But until recently, no one was enjoying this area at all. The green space hosted outdoor activities and barbecues many years ago, but had fallen into disrepair and hadn’t been used in two or three years, Veterans Affairs officials say.

Now it’s back in use thanks to Nick Day, a 16-year-old member of Boy Scout Troop 109 in Florence.

Last summer, he was looking for a community service project to complete so he could earn Eagle Scout status — the highest rank a Boy Scout can achieve — and he visited the VA’s Voluntary Service Office. “Both my grandparents were in the service and they’re veterans now, so I decided to come here to do my project,” Day said at the space Wednesday.

Voluntary Program Officer Anne Murray showed him the abandoned green space outside the building, complete with rotting picnic tables, dying trees and broken brick walkways. After a year of planning and two months of physical work, Day and a team of 17 helpers and numerous donors transformed the unused area into a welcoming green space for all to use.

“Nick has given us an incredible gift, and I mean incredible,” Murray told the crowd at the park’s opening ceremony Wednesday. “This area out here, I can’t tell you how icky it was.”

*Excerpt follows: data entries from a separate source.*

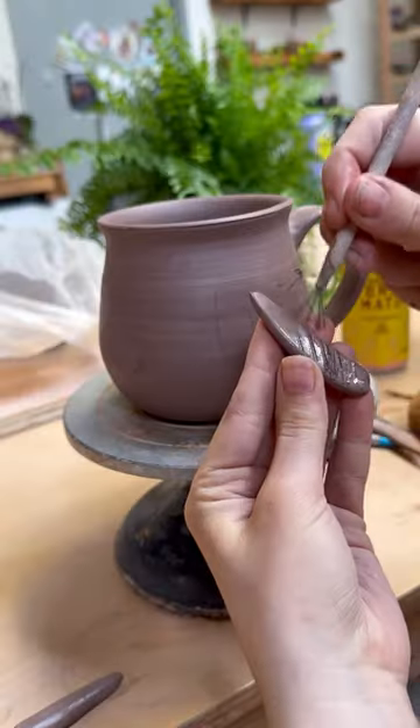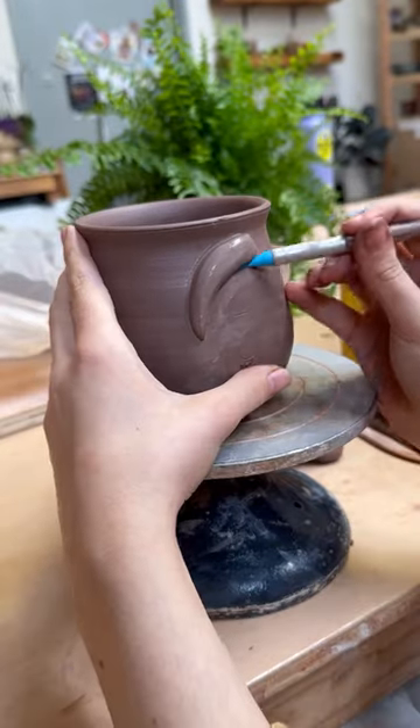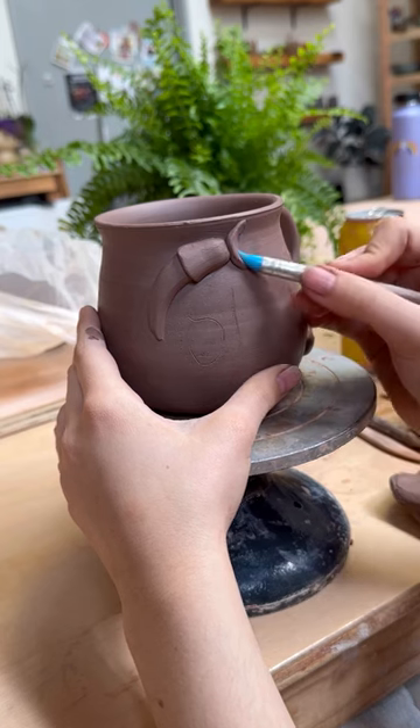I'm making banana slug mugs today. These mugs were so popular in my last restock, so I decided to make a big batch this week. I do the spacing on the piece by marking out where the words are going to go, and then I sculpt the slugs.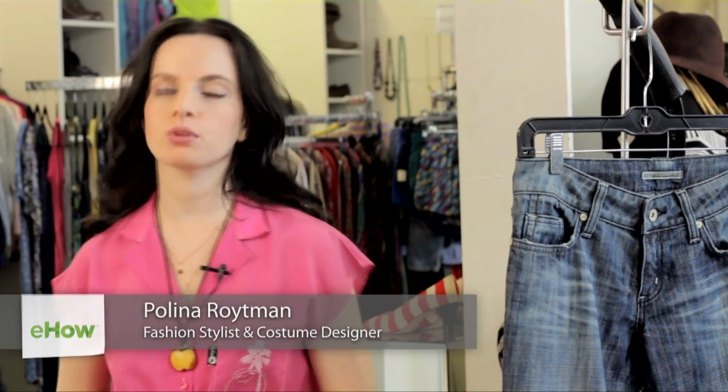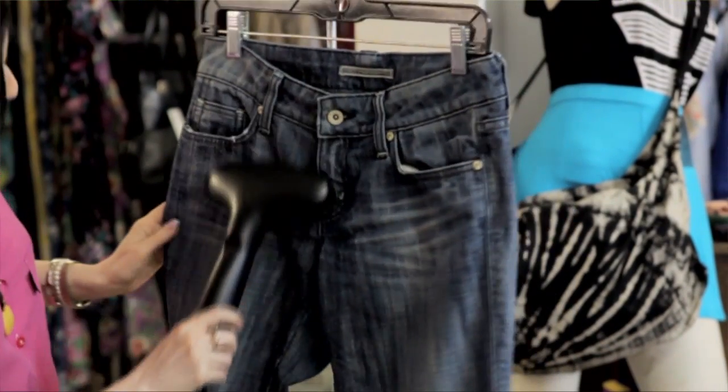Hello, my name is Paulina Reutman. I'm a costume designer and fashion stylist and today we are at Mary Meyer Clothing Boutique in Brooklyn, New York. The question I'm going to answer is: how do you get stiffness out of new denim clothes?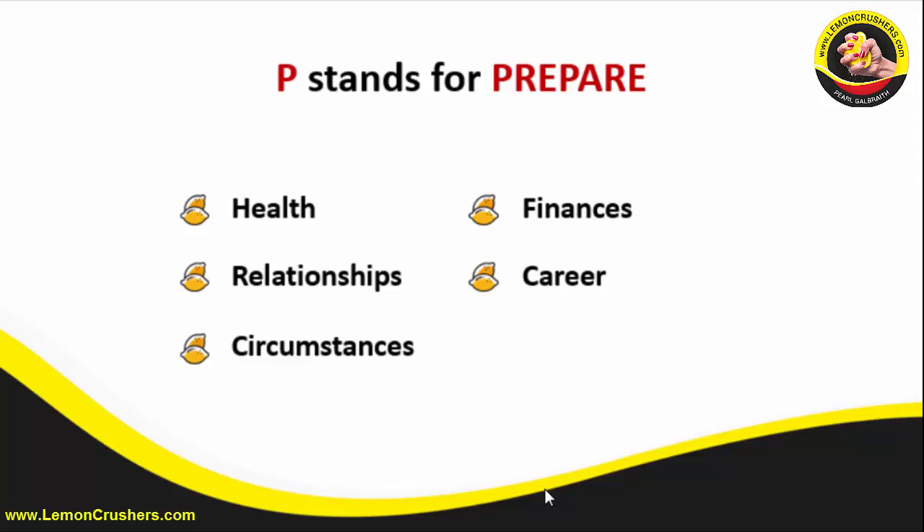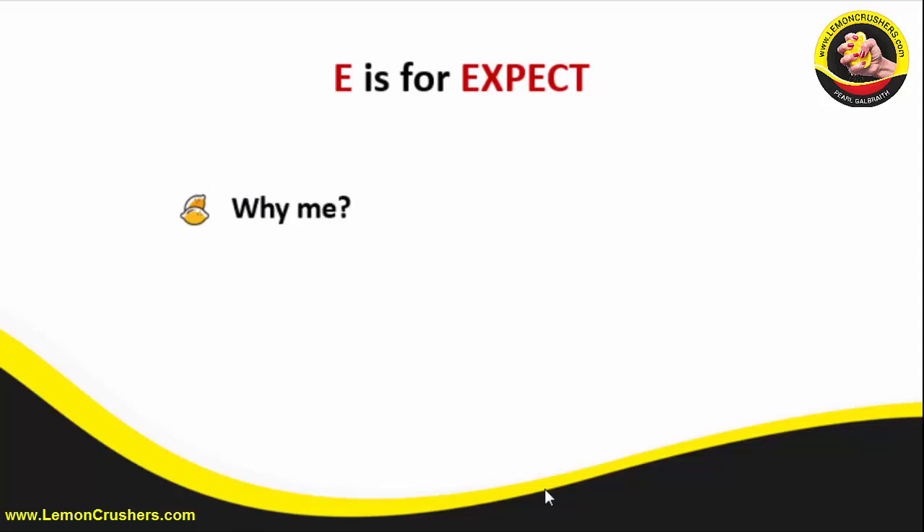P is for prepare. The next letter is E — E is for expect. Ladies, adversity is going to come your way; it's just going to happen. When a woman comes to me with a 'why me' lament, my response is: why not you? A future without problems isn't reality. Every one of us is going to face problems, so we may as well expect them and prepare in advance.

At the ceremony, Day received a standing ovation and certificates from the VA and representatives of U.S. Sen. Elizabeth Warren and U.S. Rep. James McGovern. At an ice cream social that followed the ceremony, veterans, VA employees and representatives of local businesses and organizations that contributed to the project lined up to congratulate Day on a job well done and check out a display of photographs from before the “re-beautification project,” as Murray dubbed it.

Day said he and the 17 volunteers put in a total of 280 hours of work on the yard.

“It feels really good because I can look back at those pictures and see what it was like before, and now it’s a beautiful area,” he said.

Dennis Ramstein, program assistant in the VA’s office of public affairs, said the green space next to the Recreation Hall became unusable due to a lack of upkeep. “The campus was built in 1926, so it always requires a lot of maintenance, and with money being what it is, we’ve had to invest in our buildings instead of the grounds,” he said.

In the yard, the grass was patchy, several of the trees had become infested with bugs and died, and the terrain was treacherous because rainwater running down the hill had created small ditches, he said. The picnic tables were weathered and the brick-and-mortar grill and patio had started to crumble.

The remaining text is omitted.